Yes, I did say "vulture."
According to Israeli National News, the vulture not only happened to be GPS-aided, but also had a ring upon which was inscribed "Tel Aviv University."
Now, I don't know about you, but if I was sending vultures out to spy on people, I might not so readily attach such an obvious suggestion of provenance.
Indeed, Israeli National News suggests that this rather vicious and heartless bird was part of research into discovering what vultures do in their spare time when they're not looking mean and dismembering carcasses.
The Saudi newspaper Al-Weeam reported, however, said that the vulture took a rest in the grounds of a sheik's house and was characterized by a "foul odor coming out of its mouth--proof of a Zionist plot."
Although I myself suspect plots in just about every human action and utterance, I am still prepared to be persuaded by the Israeli news service, which suggested that the vulture capture was another element of unnecessary regional paranoia.
The news service pointed to the fact that some in Egypt reportedly believed that a mean-spirited shark recently attacking tourists there was, like the vulture, also the work of Israel foreign intelligence agency Mossad.
Researchers from Israel's Nature and Parks Authority told Israeli National News that seven vultures had been released over the last few years and that four had reached Saudi Arabia. Hauntingly, they said one was still in Saudi Arabia, after enjoying a vacation in the Sudan.

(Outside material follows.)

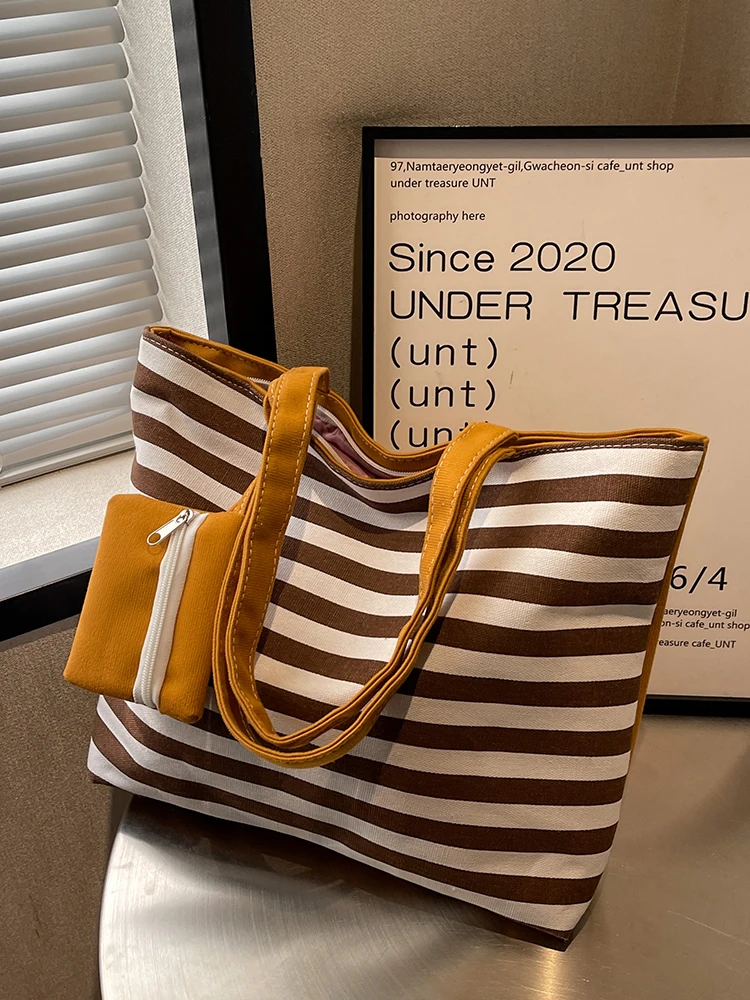 

Canvas Tote Bag New 2023 Spring Fashion Stripe Single Shoulder Bags Women's Large Capacity All-match Shopping Handbags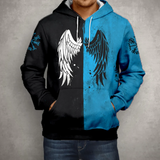 Ludek – herren-kapuzenpullover mit reißverschluss und flügeln – Blau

Some might wonder whether a GPS-laden vulture might somehow reveal more secret information than all of the drones and satellites that seem to be wafting around the earth these days.
Still, with suitably meaty interrogation and incentive, perhaps the vulture will talk. Or perhaps Julian Assange might reveal the real truth--that these satellited vultures were the work of Iran. Or Iraq. Or, who knows, Iceland.